#### [Required action]
Give again, character for character, the lines that lie between the first line of the material and the line with "Industrial style black", inclusive. Omit pictures.

#### [Exercise materials]
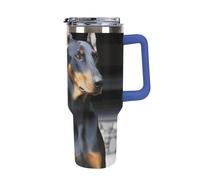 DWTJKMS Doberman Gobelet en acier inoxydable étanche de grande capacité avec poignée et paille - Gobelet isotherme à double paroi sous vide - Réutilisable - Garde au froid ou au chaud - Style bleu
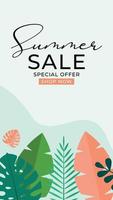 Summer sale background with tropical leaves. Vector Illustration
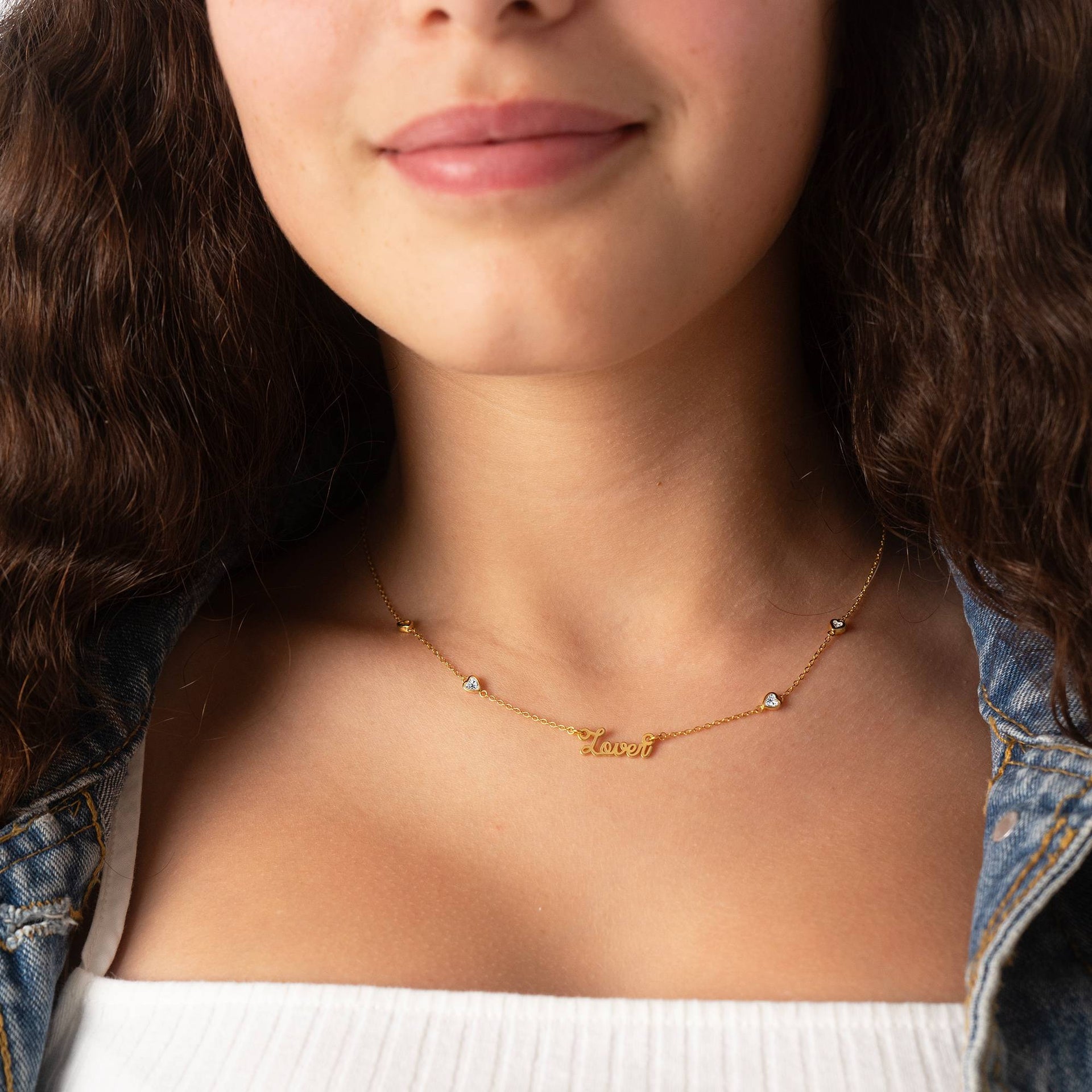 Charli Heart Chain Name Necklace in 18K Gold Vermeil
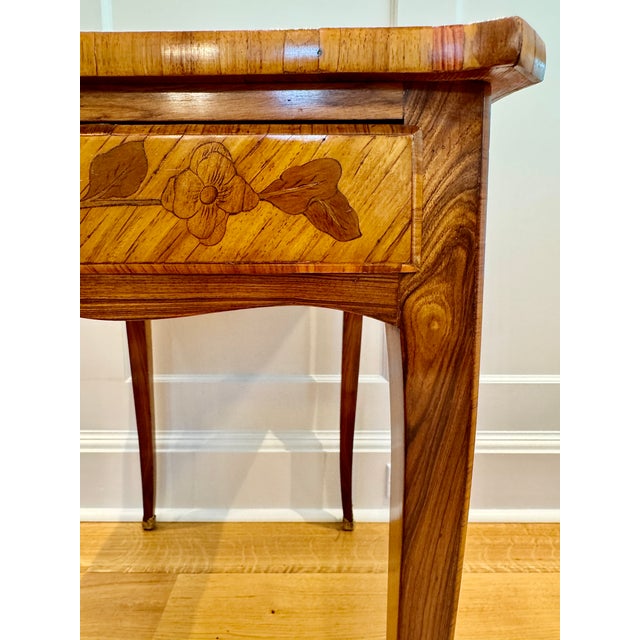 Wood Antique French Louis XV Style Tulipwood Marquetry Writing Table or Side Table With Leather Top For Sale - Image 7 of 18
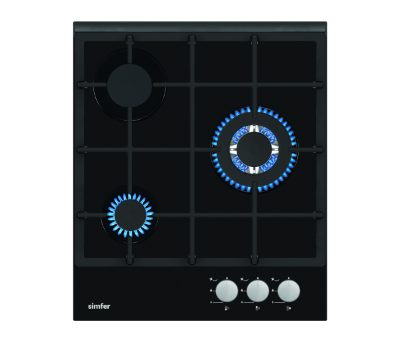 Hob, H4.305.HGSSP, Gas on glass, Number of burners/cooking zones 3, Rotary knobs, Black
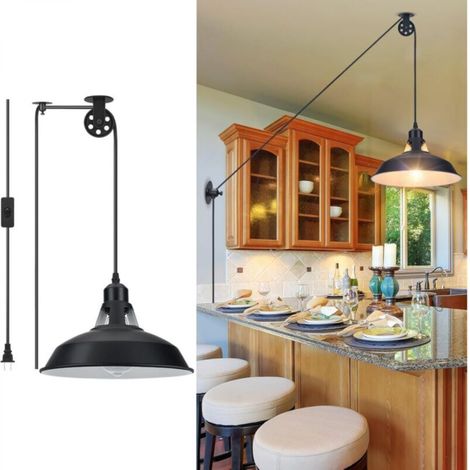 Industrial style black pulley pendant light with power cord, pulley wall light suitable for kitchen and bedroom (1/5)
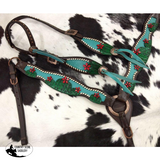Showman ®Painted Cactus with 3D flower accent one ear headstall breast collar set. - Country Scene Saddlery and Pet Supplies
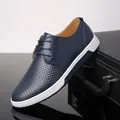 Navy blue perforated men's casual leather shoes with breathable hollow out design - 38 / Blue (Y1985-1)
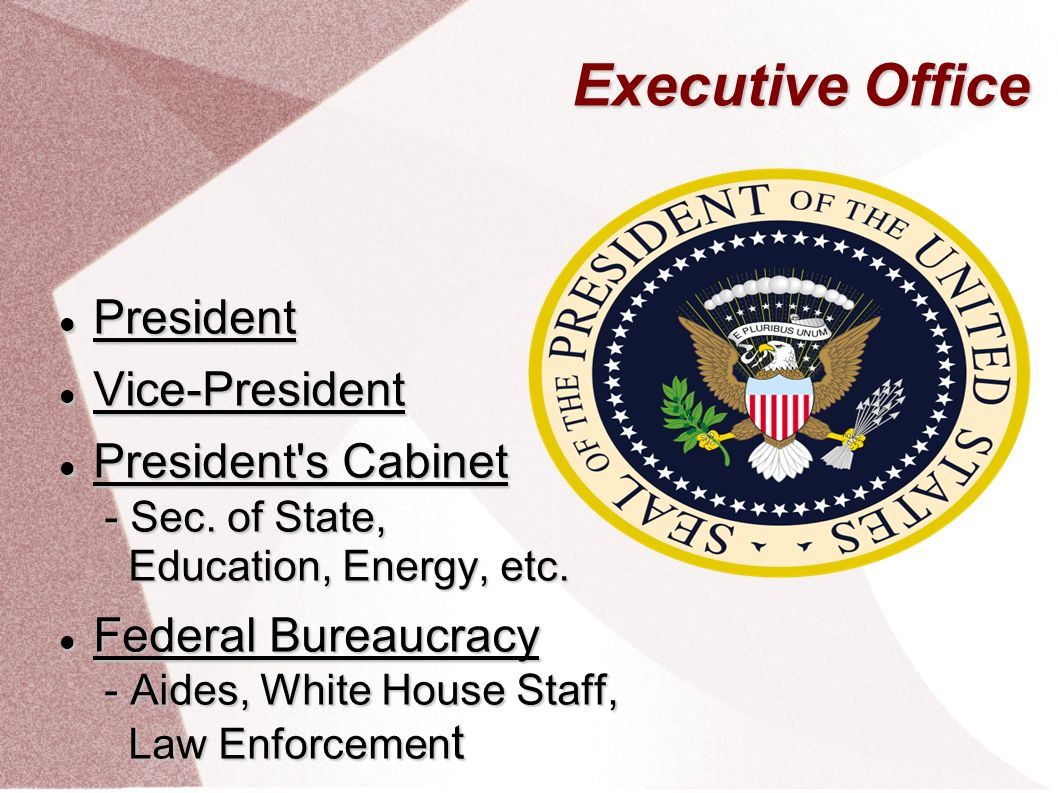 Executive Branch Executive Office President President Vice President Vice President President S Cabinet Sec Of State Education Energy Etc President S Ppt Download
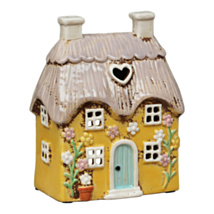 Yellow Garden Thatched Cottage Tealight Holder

#### [Response]
 DWTJKMS Doberman Gobelet en acier inoxydable étanche de grande capacité avec poignée et paille - Gobelet isotherme à double paroi sous vide - Réutilisable - Garde au froid ou au chaud - Style bleu
 Summer sale background with tropical leaves. Vector Illustration
 Charli Heart Chain Name Necklace in 18K Gold Vermeil
 Wood Antique French Louis XV Style Tulipwood Marquetry Writing Table or Side Table With Leather Top For Sale - Image 7 of 18
 Hob, H4.305.HGSSP, Gas on glass, Number of burners/cooking zones 3, Rotary knobs, Black
 Industrial style black pulley pendant light with power cord, pulley wall light suitable for kitchen and bedroom (1/5)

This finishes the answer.